Cette obsession d’homogénéité sociale, comme toute obsession, nous permet d’aller aux sources des réflexes autoritaires. C’est le décalage entre la réalité d’une société multiethnique et multireligieux et l’idéal de la société parfaitement unifiée autour de l’identité officielle de l’Etat qui constitue la première source de l’obsession. La République est bâtie sur plusieurs dénis historiques. Celui du massacre des Arméniens et de l’épuration des chrétiens et des juifs est une dimension de ce déni fondateur. Si la République de Turquie est bâtie par une politique violente d’homogénéisation religieuse, autour du culte de l’islam sunnite, cette politique ne s’est pas arrêtée aux portes de la religion. Elle a continué, dans la foulée de la première, par une politique d’homogénéisation ethnique autour de la figure du Turc. Il y a eu par conséquent des vagues successives de violences épuratrices et éradicatrices ou assimilateurs d’abord envers les populations non-musulmanes, ensuite envers les populations kurdes revendiquant la reconnaissance de leur identité ethnique et enfin envers les populations alévites, refusant d’être assimilé dans l’islam sunnite. A cette politique ethno-religieuse violente s’est greffée une politique répressive contre les maigres oppositions démocrates et socialistes. Commençant par les crimes génocidaires envers les Arméniens ottomans lors de la Première guerre mondiale, la violence de l’Etat s’est déchaînée tout au long de l’histoire républicaine tour à tour contre les multiples figures de l’ennemi intérieur, arméniens, grecs, kurdes, alévites, intégristes, communistes, socialistes, syndicalistes, démocrates,…Ces politiques de répressions ciblées ont toujours pris soin d’isoler l’ennemi intérieur du jour et d’obtenir par une campagne de mobilisation idéologique le soutien du reste de la société. Ceci explique pourquoi en Turquie, pas seulement l’Etat, mais aussi la société dans son ensemble n’est pas apaisée avec son histoire et que le travail de mémoire est très difficile. La violence fondatrice sur la quelle est bâtie la République par son déni continue à travailler dans la profondeur de l’imaginaire sociale-historique sous la forme à la fois de d’identité victimaire et de culpabilité déniée.

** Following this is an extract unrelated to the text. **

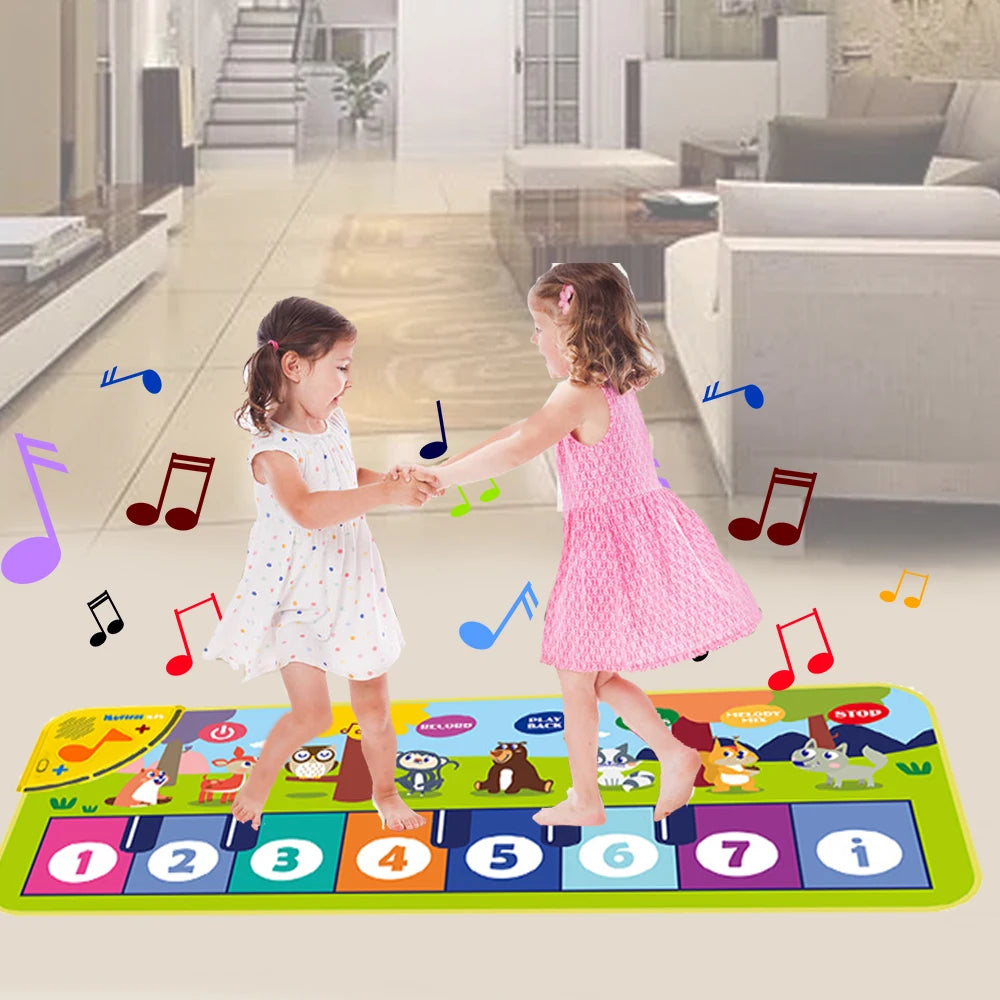 Piano Mat for Kids – Musical Floor Playmat for Ages 3–6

La République de Turquie ainsi que la société turque ne sont pas apaisées avec leur histoire, avec leur passé et leur mémoire à cause aussi d’une peur fondatrice. Cette peur, largement répandue au sein de la société, est refoulée dans l’inconscient collective et elle est instrumentalisée par les pouvoirs autoritaires pour redynamiser les réflexes de rassemblement autour d’eux. Il s’agit de la peur d’une nouvelle dislocation de l’Etat, à la suite de celle de l’Empire à la fin de la Première guerre mondiale. Le traité de Sèvres est encore aujourd’hui un signifiant actif pour exprimer la peur d’une nouvelle dislocation face aux revendications kurdes, arméniennes voire face à la perspective d’adhésion à l’Union  européenne. Dans sa recherche d’apaisement contre les démons historiques qui le travaillent intérieurement, la société turque est plutôt encline à se soumettre à l’autorité et à produire les conditions de l’exercice de l’autoritarisme. La défaite dans les années 2000 de la coalition de l’autoritarisme bureaucratique soutenu par les courants laïcards-nationalistes ne débouchera pas à une véritable consolidation démocratique mais à la mise en place d’un nouvel autoritarisme, porté par une large coalition conservatrice. Il s’agit d’un autoritarisme plébiscitaire qui se réclame de la légitimité totale de la volonté nationale, c’est-à-dire de cette nation sunnite et turque, conservatrice dans ses valeurs morales, libérale dans ses choix économiques et démocrate à condition que la démocratie s’exprime exclusivement dans les urnes.